His proposals were the following:
1. That the Commission should also act if it is called upon by only one of the two parties to a dispute. Currently it only acts if both sides agree.
2. That the administration of the Commission should be carried out by an independent secretariat and not the DZK. This must probably be seen in the context that the DZK's task is to advise e.g. museums when they are confronted with claims, but at a later state may have to act for the Commission which should be neutral. Also the heir of the collector Hans Sachs recently questioned the neutrality of the Commission in a law suit at the Magdeburg Administrative Court. He said that the Koordinierungsstelle, a forrunner of the DZK, had originally advised the Deutsches Historisches Museum, assisting it on how to handle the restitution claim, while it later, in 2008, acted as the secretariat of the Commission which decided on the claim.
3. That there should be transparency, primarily in connection with the research of museums, as many currently do not publish their findings if they come to the conclusion that a work was not lost due to Nazi persecution. This may also relate to the Limbach Commission which is currently denying the Sachs heir access to the files of the 2008 procedure, and which is the cause for the current court case in Magdeburg.

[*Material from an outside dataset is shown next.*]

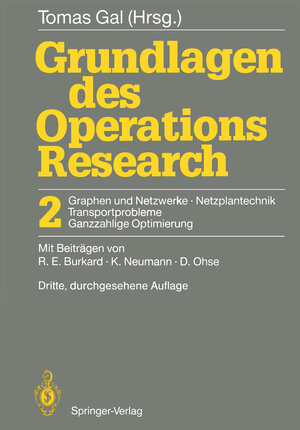 Grundlagen des Operations Research:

4. That the Commission should have procedural rules like any arbitration body.
5. That a representative of a Jewish organisation be on the Commission.

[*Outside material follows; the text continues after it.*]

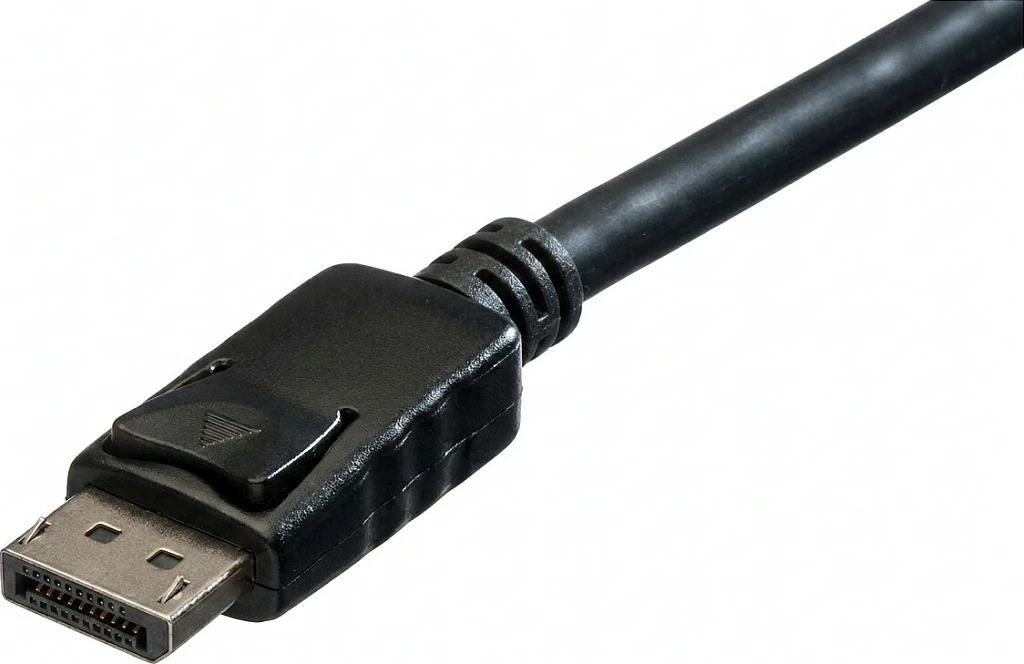 Kabllo DisplayPort Roline DP-DP 10 m, 4K 60Hz, LSZH, e zezë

Taken all together these changes would make the Commission a very different kind of Institution. Parzinger's proposals met with no opposition during the DZK 's conference.
Parzinger also stressed, like the German Cultural Minister Monika Grütters the day before, that there should be no doubt that the persecution of Jews in Germany started in 1933. This was apparently a reaction to criticism by Holocaust historians concerning a remark in a brief to a US Court related to the Guelph Treasure and to the publication here of an English translation of the Commission's Recommendation in the case of Behrens v. Düsseldorf in which the Advisory Commission had held that Jewish bankers had not been persecuted and had unimpaired access to the courts till mid 1935.
Parzinger also emphased that German cultural institutions confronted with claims must show (in cases of allegedly forced sales) that the price paid to a persecuted person was fair and that the persecuted person actually received the money at his/her free disposal, the implication being, contrary to the Behrens decision made by the Commission, that the work of art be considered looted if both conditions are not met. In its recommendation the Commission also deviated from the policies set out in the 'Handreichung', first issued in Germany in 2001.